The Ultimate Guide to English Horn Reeds

by | Dec 8, 2016 | Reeds | 5 comments

The Ultimate Guide to English Horn Reeds

Several years ago a great English horn player came in and did a master class for our studio. He graciously provided a multi-page packet with everything you could think of related to the English horn. A few years later, I started to refine my own English horn reed-making process to best suit my personal needs. However, I found there wasn’t much in the way of information online to help guide me with the overwhelming number of shapes, staples, and troubleshooting issues. It is my hope to be able to shed some light on the different variables for oboists who are new to English horn reeds.
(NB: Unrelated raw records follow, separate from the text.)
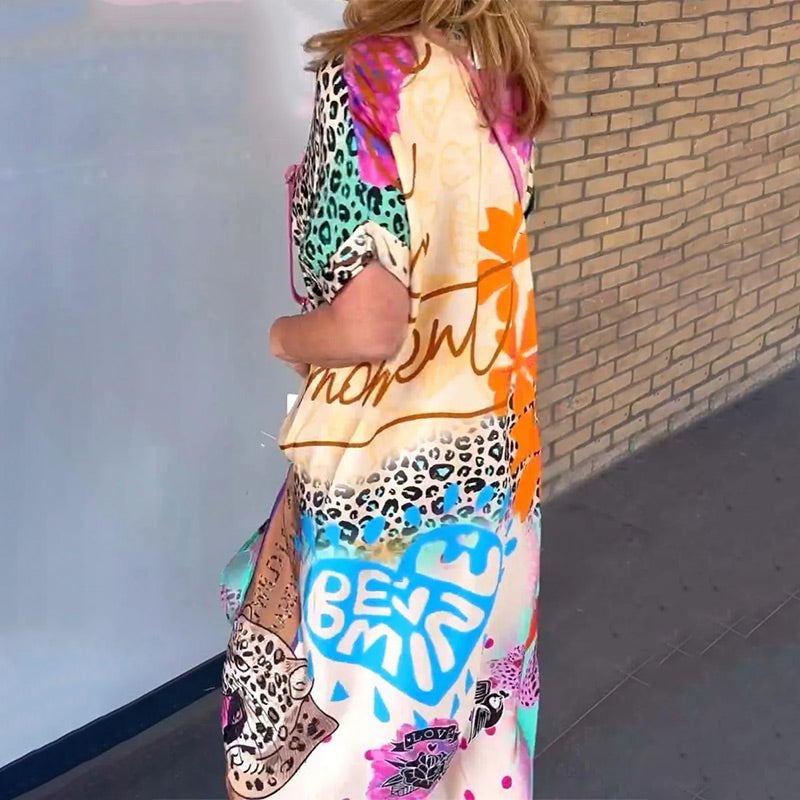 Casual Short-Sleeved Leopard Print Dress for Women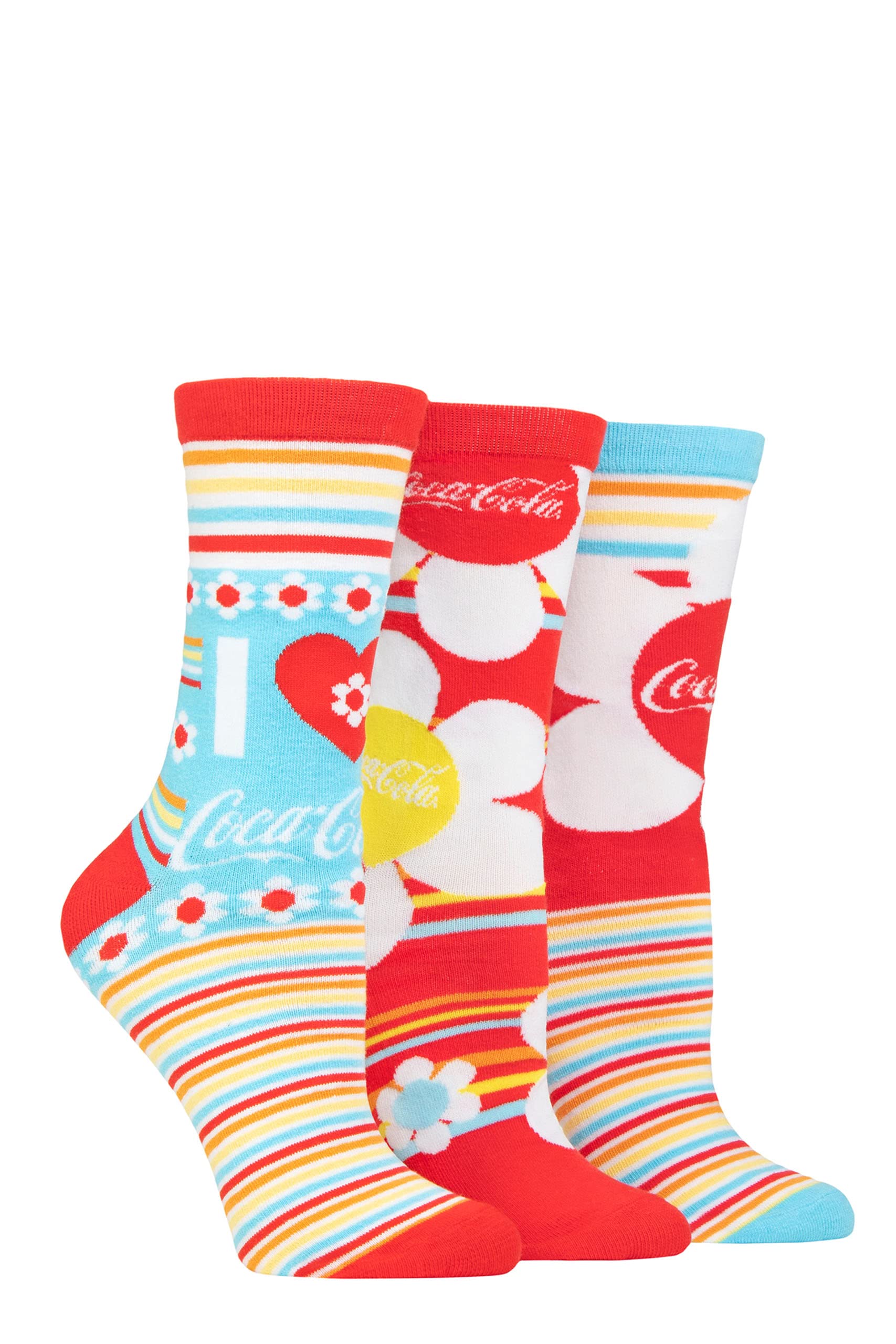 Coca-Cola Women's Multi Flowers Cotton Socks Pack Of 3 4-8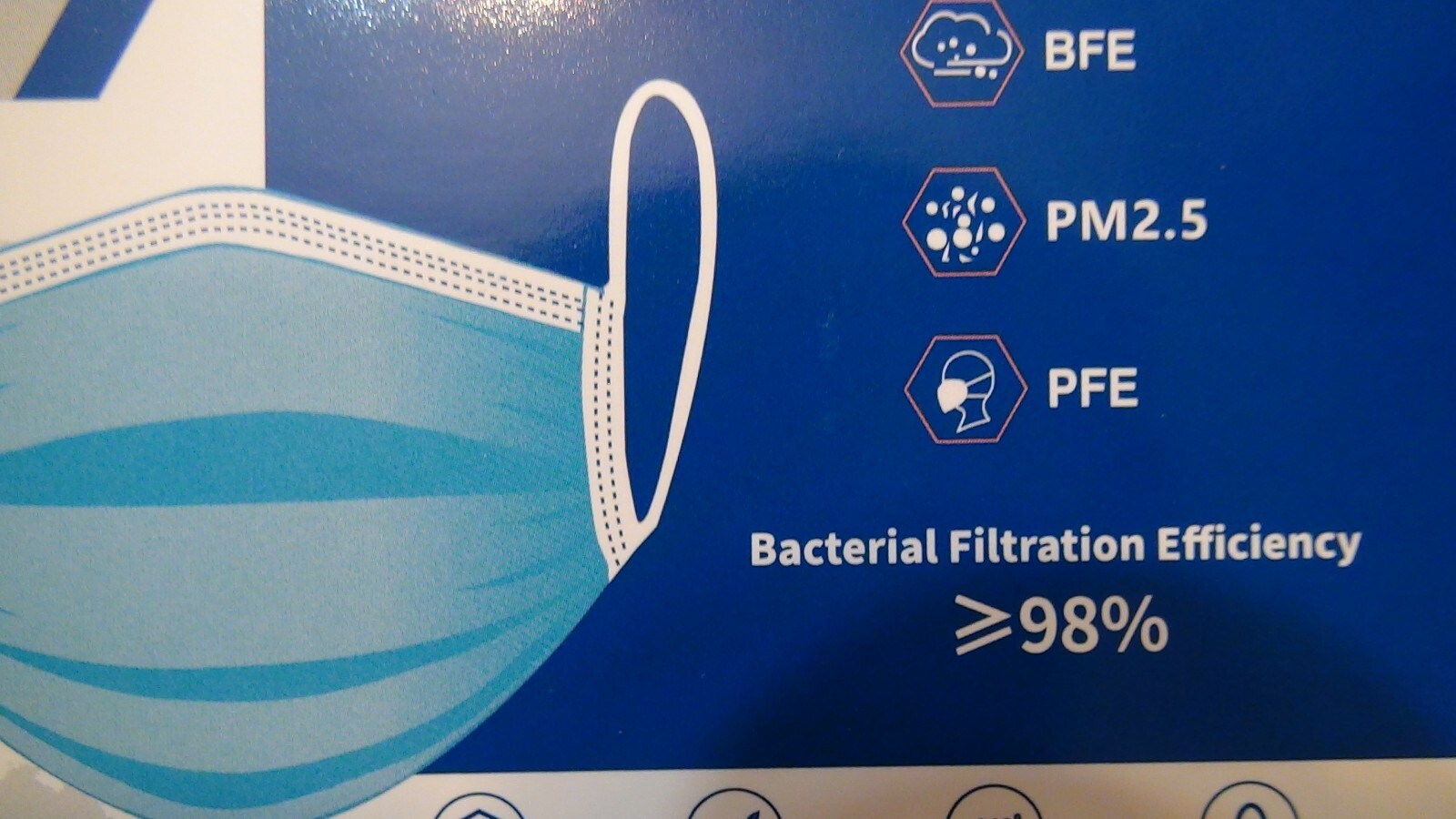 2000 Pcs 40 Sealed Boxes 3 Ply Medical Ear-Loop Face Masks ASTM L-1 Blue RFE 98%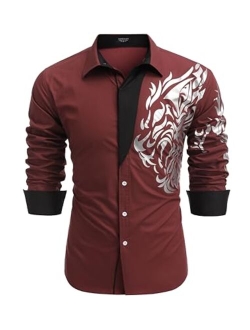 Men's Print Button Down Dress Shirt Fashion Long Sleeve Casual Shirts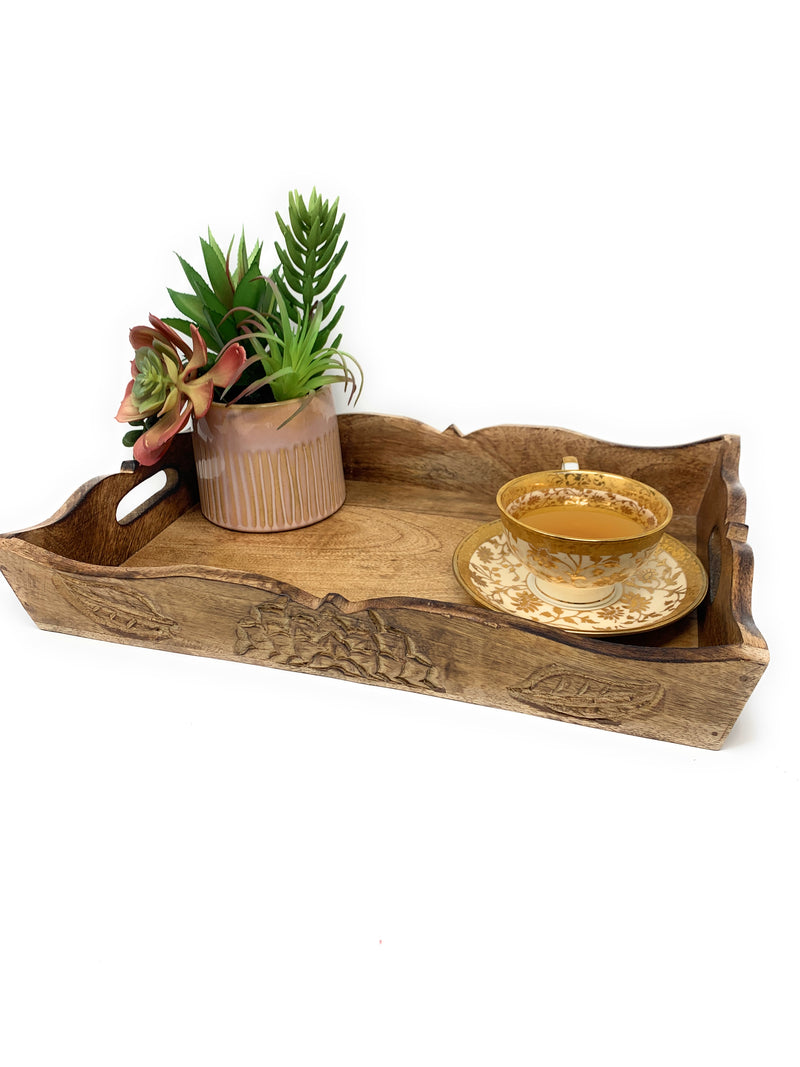 White & Oak Rustic Hand carved Modern farmhouse Serving tray 15 inch - Snuglily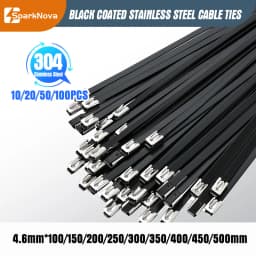 Metal Stainless Steel Cable Ties 4.6mm - Heavy Duty Locking Wire Zip Ties (10-100pcs)
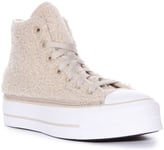 Converse All Star CT A05509C Sherpa High Top Warm In Beige Size UK 3 - 8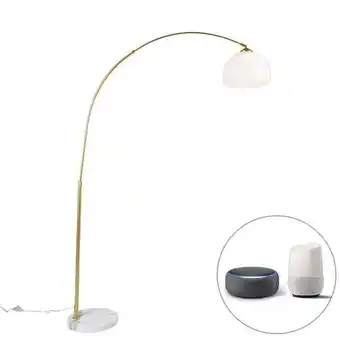Lámpa és Fény Smart booglamp messing met witte kap incl. wifi a60 - arc basic ajánlat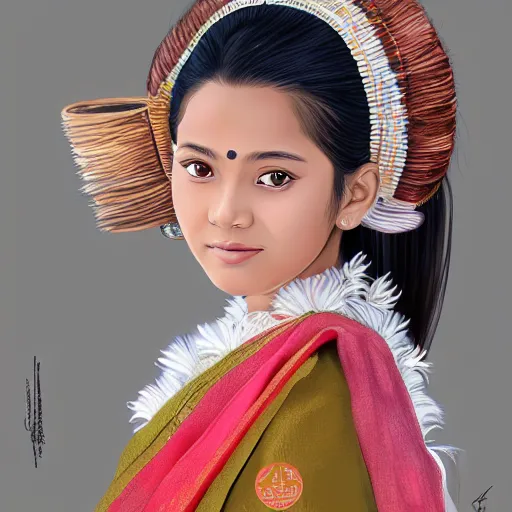 Prompt: Portrait of a beautiful teen Assamese girl, cute natural anime face, wearing bihu Assam traditional dress mekhela, intricate, elegant, highly detailed, digital painting, artstation, concept art, smooth, sharp focus, illustration, art by mark brooks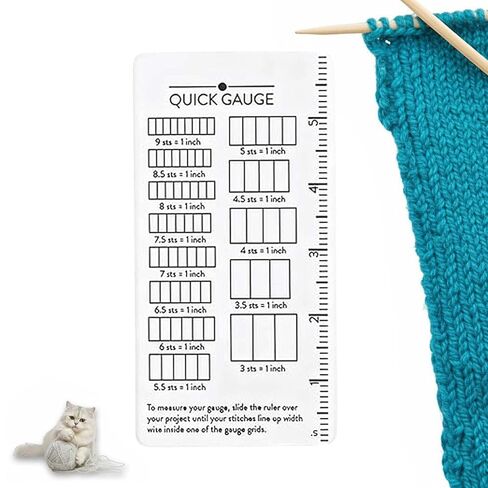 Quick Gauge Ruler for Knitting and Crochet, Instantly Measure Stitches & Rows Without Counting, Measuring Tool with Grid Measurement for DIY Sewing and Crochet Project Handcrafts, 1 Pack in Saudi Arabia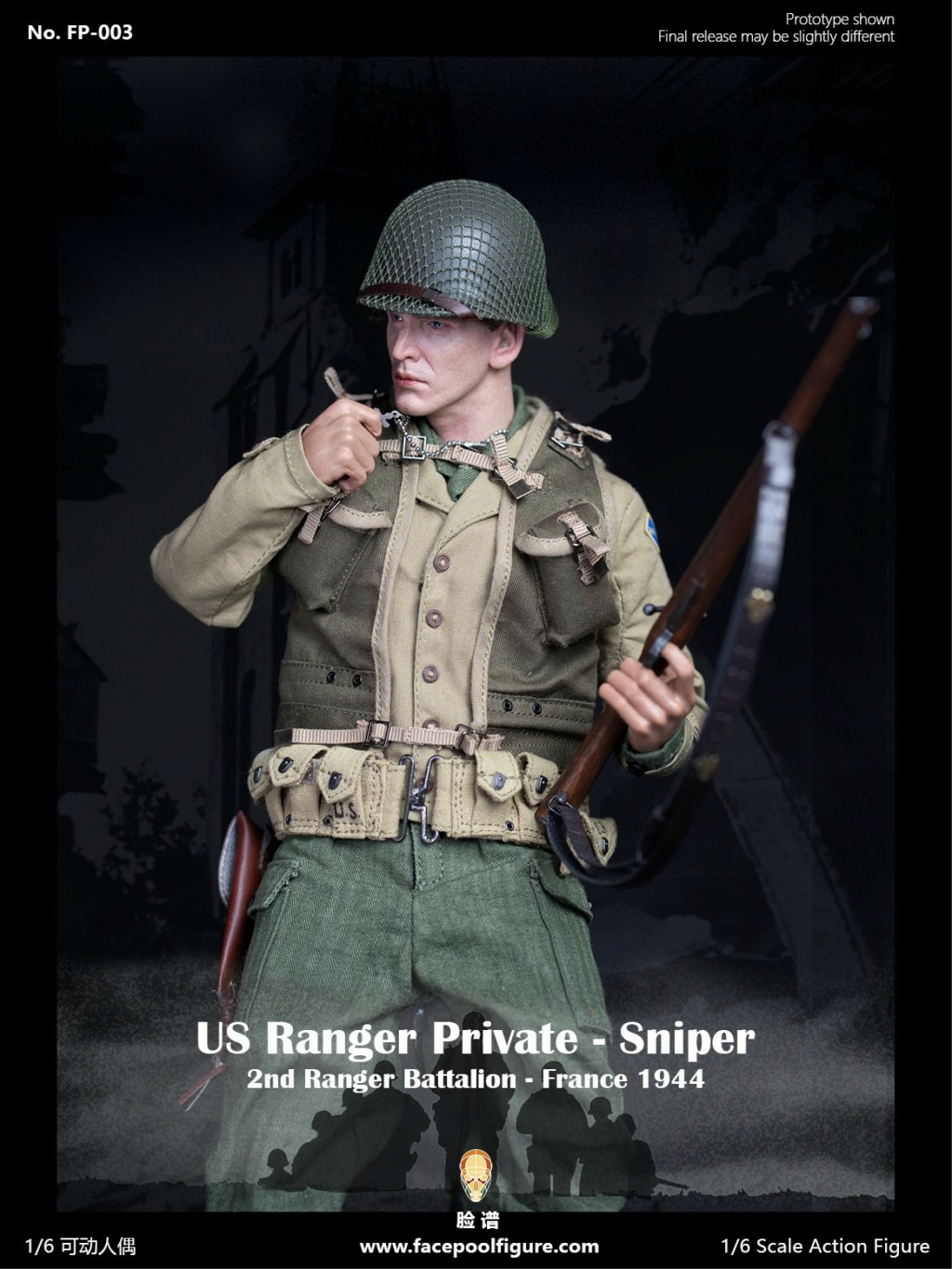 male - NEW PRODUCT: Facepool: 1/6 WWII Ranger Sniper FP003-Double-headed sculpture + bell tower platform  09173710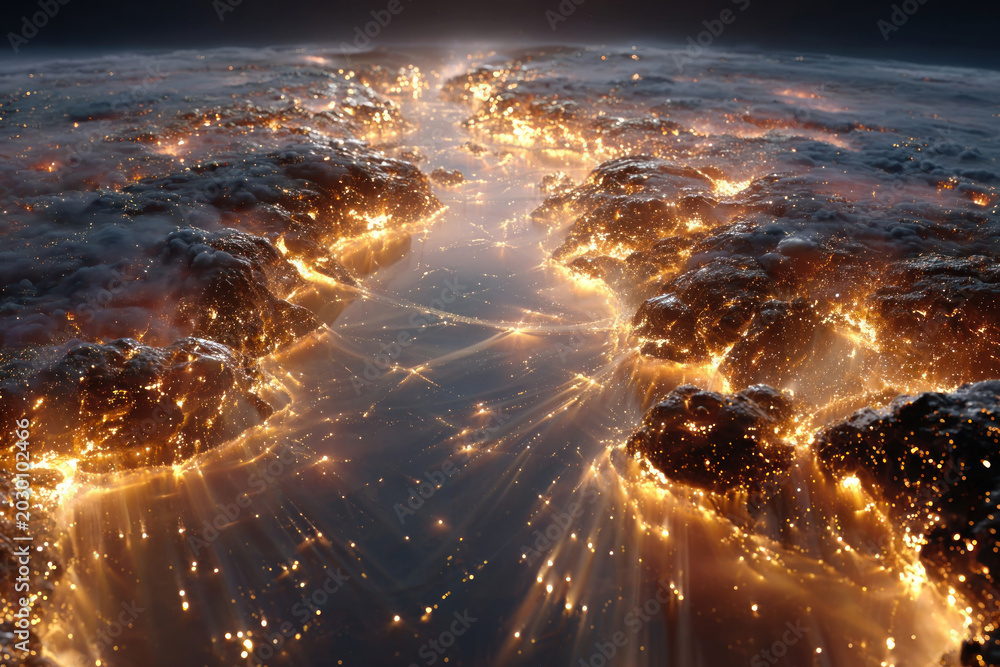 Fototapeta premium Abstract Cosmic Landscape with Glowing Energy Streams and Celestial Light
The information in this article is original and COPYRIGHT PROTECTED. Please feel free to use this information for personal use only, or contact me at for any other usage rights.

Material List for the Beginner: What you will need?

Tie Length and Tying Tips

The average tie length is about 60mm (measured from the bottom of the staple to the top of the cane). This should work well if you are using a middle of the road EH shape like RDG -1. If your shape is slightly more narrow you may find your reeds seal better at 59mm. And likewise, if you have a wider shape, try tying a little longer.

>> Pro Tip: Tying the thread at 26mm (just below the staple top)
On oboe reeds I’ve always tied my thread right at the top of the staple (at 47mm on a standard staple, but being careful not to tie over the top). I find you can tie your English horn reeds slightly below the staple. As long as the reed doesn’t leak, I’ve found this can help prevent issues.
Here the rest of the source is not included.